/ HAS MAGAZINE
The Dream Is Taking Place Right Now (Inputs For A Search Mapping)
Santiago Gómez Sánchez
Writer
A new form of reflective mapping enables the exploration of Mexico City through the (inner)landscape of Jack Kerouac’s novel Tristessa.

(This text was written in the margin of the Tryspaces project.)

“… rainy night Mexico City of the present contains no roses and no fresh hot donuts and it’s bleak….”

“… the whole of Mexico a Bohemian Adventure in the great outdoor plateau of night of stones, candle and mist….”

Tristessa, Jack Kerouac

One

The city is a gray, all-eating monster when you walk out of the subway into a neighborhood you don’t know. What do you look for there? A familiar face or gesture? What do you search for when the city is a mundane teddy bear (the one from your childhood, maybe) and you’re bored of its soft gaze?

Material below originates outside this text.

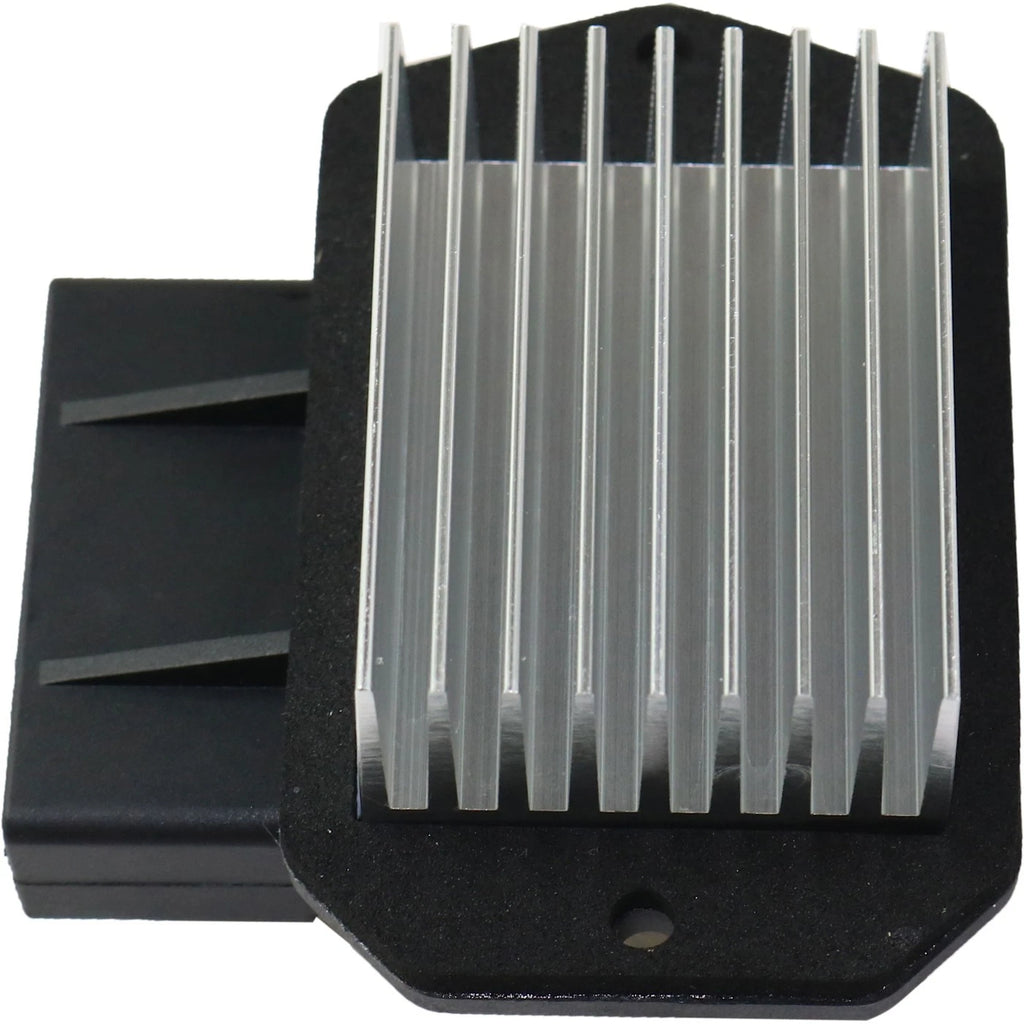 Blower Motor Resistors for Toyota 4Runner (2003–2009)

Tristessa is a novel about searching. It is one of the two texts that Jack Kerouac (beatnik extraordinaire) wrote in and about Mexico City (Mexico City Blues was the other one, published in 1959). Tristessa chronicles, through a jazz-pulse narration and Buddhist-infused reflections, the comings and goings of Kerouac in Mexico City, as well as his friendship with a group of junkies, among whom stands out the india Tristessa, whose real name was (ironically enough) Esperanza, Spanish for “hope.” Tristessa reads like the bleak diary of a man spiritually lost in a city he loves and hates at the same time, in which he reflects on his relationship to drugs, to his Buddhist beliefs, and to Tristessa, who he loves and desires, but he shuns carnal pleasure and love in search of spirituality.

The members of the beatnik generation were united by their drive, or devotion, to searches or quests. To read them is to set our eyes on a utopic horizon—a free life, lived “on the road,” contrary to modern Americanized life. For Kerouac, as well as other beats (like Burroughs), Mexico was a place of pilgrimage, sanctuary, and freedom:

Mexico a great city for the artist, where he can get cheap lodgings,
good food, lots of fun on saturday nights (including girls for hire)
where he can stroll the streets and boulevards unimpeded and for that
matter at all hours of the night while sweet little policemen look away
minding their own business which is crime prevention and detection.[1]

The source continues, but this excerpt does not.